Teach-in on the Farm Bill at All Saints

I just got back from a teach-in session at All Saints Episcopal Church in Pasadena this afternoon in which David Gist offered information on the "Farm Bill." Lunch was offered, with a suggested donation of $5 at the door. We sat down at tables and made small talk while starting later than was advertised. David was introduced, and then made some introductory remarks.

One of his comments was, I think, especially important when thinking about this "Farm Bill" thing. He said that it is a poorly named bill. It is not merely about "farms." It might as well be called "The Bill That's So Big We Don't Have a Name for It." The bill, he said, affects just about every person in America.

He asked the audience why we need to care about the Farm Bill and people were whipping out all kinds of reasons. And not just the general "because farming affects us all" kinds of answers. They were saying things so specifically informed that David responded to one woman from the crowd: "You just covered three pages of my notes!"

Then we watched Bread's "Offering of Letters" 15-minute video (which can be found at their website).

After the video, David opened it up for questions. Here are some of the questions that people were asking:
  • It seems like we hear of "breakthroughs" every couple years on these issues, but then later we hear that it's the same old story? Are we really making breakthroughs on these issues or not? (As far as David's concerned, something really isn't a "breakthrough" unless it is in the year when the bill is on the table)
  • Does the Farm Bill discuss water rights? (I think this was about water table usage)
  • Why don't we get rid of all subsidies? (Bread's position is more of a "phasing out" of subsidies, rather than a complete halt of all subsidies)
  • What is the timeline for the bill? (The House is ahead of the Senate. The House will be voting on this just after the Fourth of July, the Senate a couple weeks beyond that. This is why letters to House Representatives are more important than to Senators at this point.)
  • What does "markup" mean?
  • What are some of the arguments for subsidies? (They are kind of self-serving for the lobbies: rice, cotton, corn, etc.)
  • Who is going to be the policing agent overseeing the changes if they come to pass? The USDA? (the gentleman speaking has strong opinions against the USDA: "they are all pigs," he says)
  • Comment: The large farms are a health concern.
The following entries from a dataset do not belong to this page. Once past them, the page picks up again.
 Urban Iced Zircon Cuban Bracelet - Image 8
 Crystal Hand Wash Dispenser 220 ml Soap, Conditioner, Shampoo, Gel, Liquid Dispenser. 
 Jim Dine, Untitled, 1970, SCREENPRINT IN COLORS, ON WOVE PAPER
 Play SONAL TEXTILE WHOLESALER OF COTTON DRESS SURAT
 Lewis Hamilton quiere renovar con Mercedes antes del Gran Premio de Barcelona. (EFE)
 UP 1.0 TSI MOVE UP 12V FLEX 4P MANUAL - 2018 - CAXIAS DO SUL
Think of the contaminated Spinach.
  • What is the relationship between this bill and any link between corn farming and the possibility of ethanol? (David tried to tame this line of questioning, but a lot of people got on the topic and rode it out for the remainder of the discussion)
What interested me was the fact that nobody talked about food stamps. I was the only one. During the "why do we need to care" section of the session, I raised my hand and mentioned food stamps. It was also a significant section of the video. Nobody picked it up, though. I thought a progressive place like All Saints would be interested.

Many of the comments were more concerned with the oppression of some big corrupt group over a large portion of small have-nots. So, many people were demonizing large farms that put small farms out of business, the USDA, etc. Is it that poor people on food stamps have no clearly defined "big bad guy" oppressing them? Is it too complex a problem to rally up a bunch of passion?
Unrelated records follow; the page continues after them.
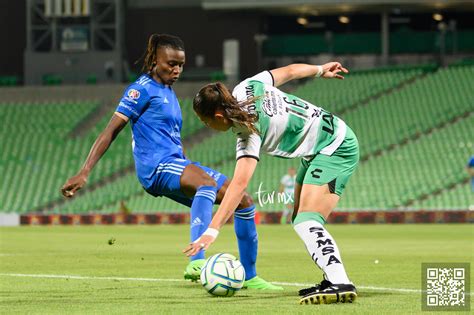 Priscila Padilla Uchenna Kanu NZ64418 Santos Laguna Vs Tigres J9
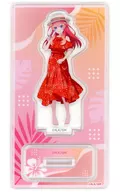 中野五月/等身 アクリルスタンド 「映画 五等分の花嫁 あたりツキ!トレーディングアクスタ Ver. 砂浜デート」 アクスタ賞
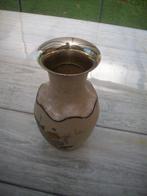 koper amaile zeer mooie gebakken vaas, Ophalen of Verzenden, Koper of Brons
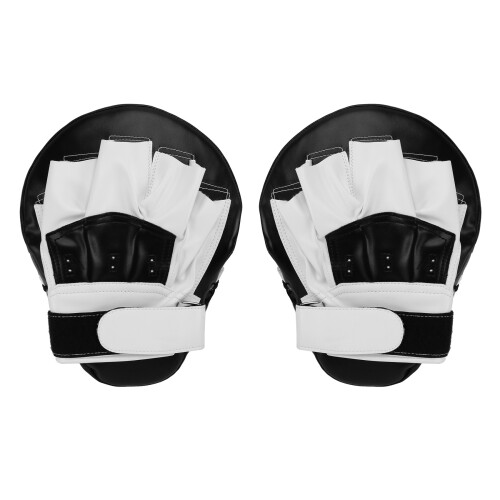 Luvas de couro para boxe, luvas de treinamento de alvo para karatê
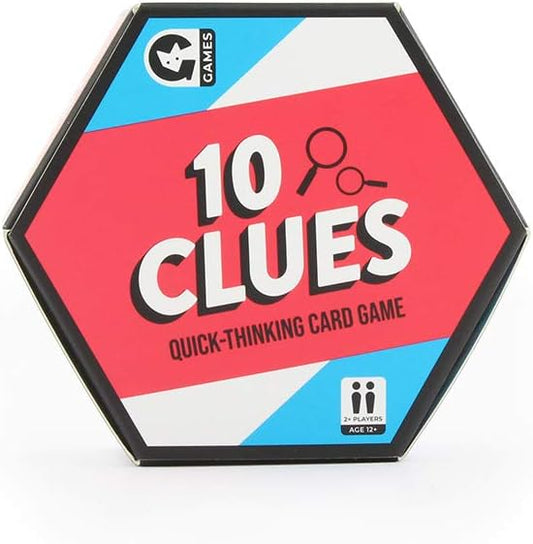 10 Clues Card Game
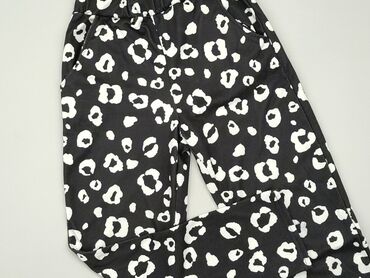czarne t shirty z koronką: Trousers, Boohoo, S (EU 36), condition - Fair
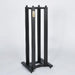 Ton Trager Reference Stands for Harbeth P3 ESR; Beech Black (Open Box)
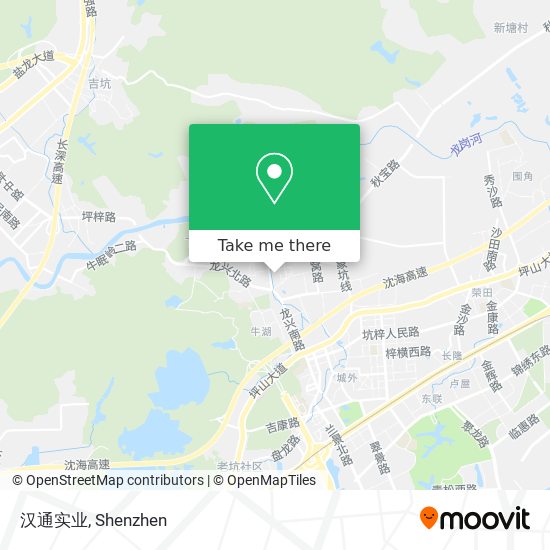 汉通实业 map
The corn and ethanol thing seems to be a hot topic in the news, but you know, the food stamp program still needs our attention. There are a lot of struggling people out there.


Judy Redman said...


Sounds like a fascinating internship. I look forward to hearing more as time goes on.
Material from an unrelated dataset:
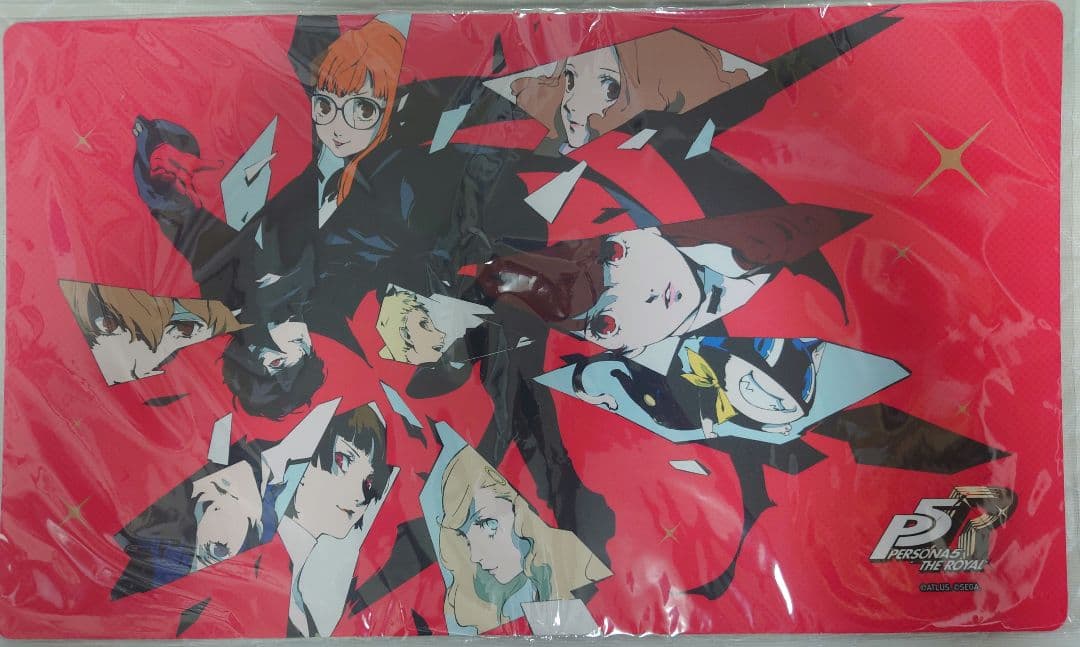 ペルソナ5 P5R プレイマット　デスクマット　ラバーデスクマット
I just watched the video and am interested in the fact that it "evoked" the range of questions you recorded. Sounds as though a significant number of people came with questions they wanted to ask, rather than people asking questions from the video. It seemed to me to have two main points - that farm subsidies are inequitable and have a negative effect both on small US farmers and those who live in developing countries and the food stamp program needs to be overhauled so that it doesn't disadvantage rural poor.

Patrick George McCullough said...

Thanks, Judy! That's a great comment. I think that would be an accurate assessment.